A Liberian legal practitioner says the main challenge in tackling the age-old problem of governance in the country is to redefine the government -citizens' relationship and there is not necessarily a need for generational change.
According to Attorney Bobby Livingstone, to address the problem of the persistent disconnect between the government and the local citizens, there needs to be a new conceptualization of the act of governance, a revisit of the value system and the adoption of new patterns of distribution of economic resources in Liberia.
For too long, according to Attorney Livingstone, governance has meant a perpetual struggle for one group of political actors to ascend to state power to show-off their political prowess, and to elevate their social and economic status. He said a narrative that intrinsically embeds the wellbeing of all citizens in the mainstream of governance; the building of viable institutions, to include a robust and uncompromising legal system to address the social ills is the way forward.
Speaking on Sunday in Jacob Town when he served as principal discussant at a debate organized by the 'Our Future' Youth Organization held under the theme: 'Generational Change: Liberia at 165', Attorney Livingstone argued that he does not subscribe to generational change as it is being argued, but rather a change of systems, mindsets and approaches in the way governance has been exercised.
He emphasized that the role of the state in the globalized world is to create the enabling environment, to set the pace and to build viable social institutions. At 165, Attorney Livingstone noted, Liberia is at a crossroads, and those who aspire to lead should be prepared and willing to make the ultimate sacrifice for their country to become better and stronger nation tomorrow.
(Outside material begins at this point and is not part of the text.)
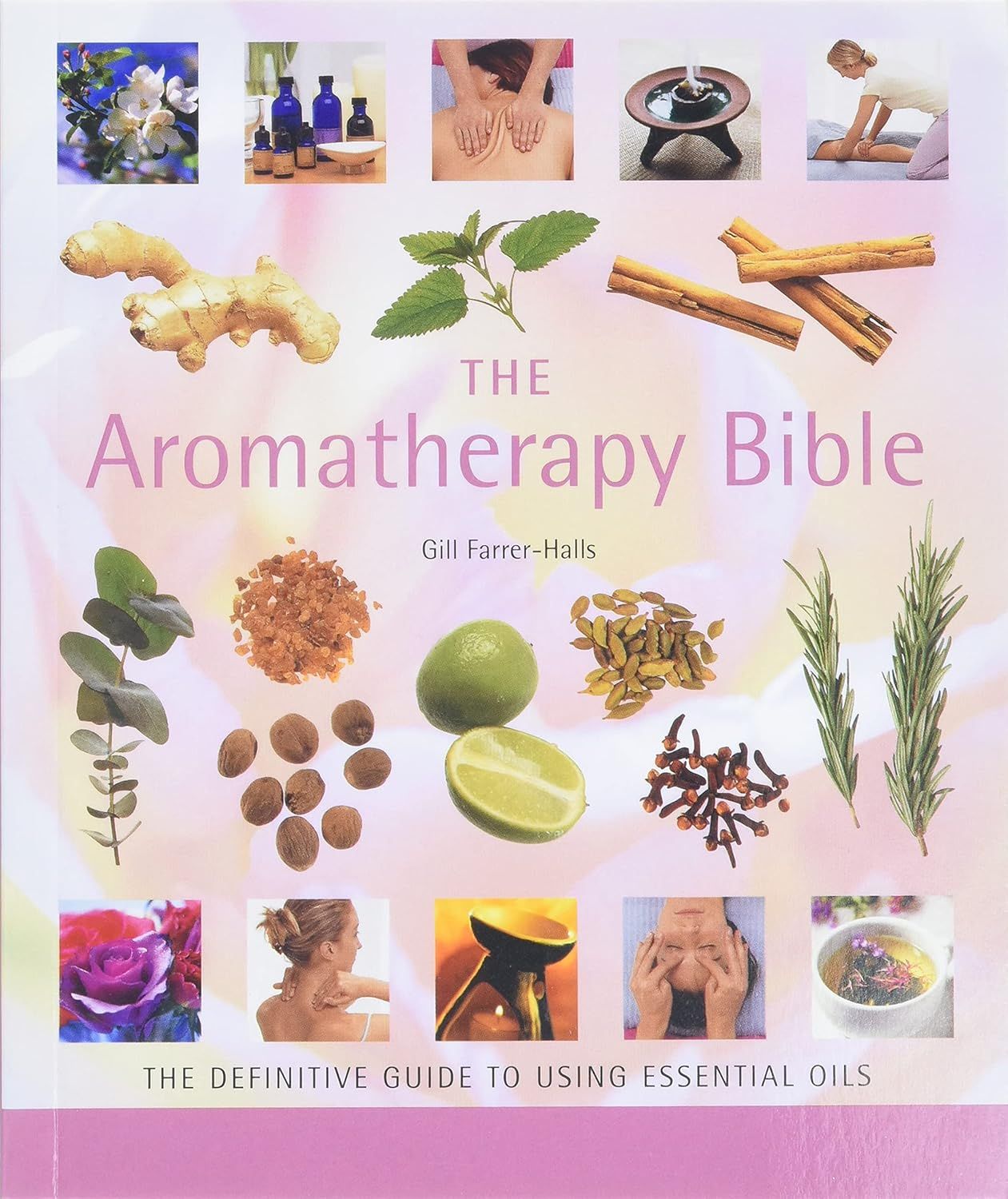The Aromatherapy Bible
Attorney Livingstone agreed that there is a need for ideological change and stressed that if systems and values are not changed, if trust is not built between state actors and ordinary citizens, Liberia will continue to experience pockets of fragility; which if not tackled now, can be a locus for future violent conflict; adding, 'The only way to address this scourge is to forge a new state-citizens relations, where economic opportunities, political participation in decision making, decentralization of the governance architecture and a framework in which the voices of the people are placed at the epic center of development programs'.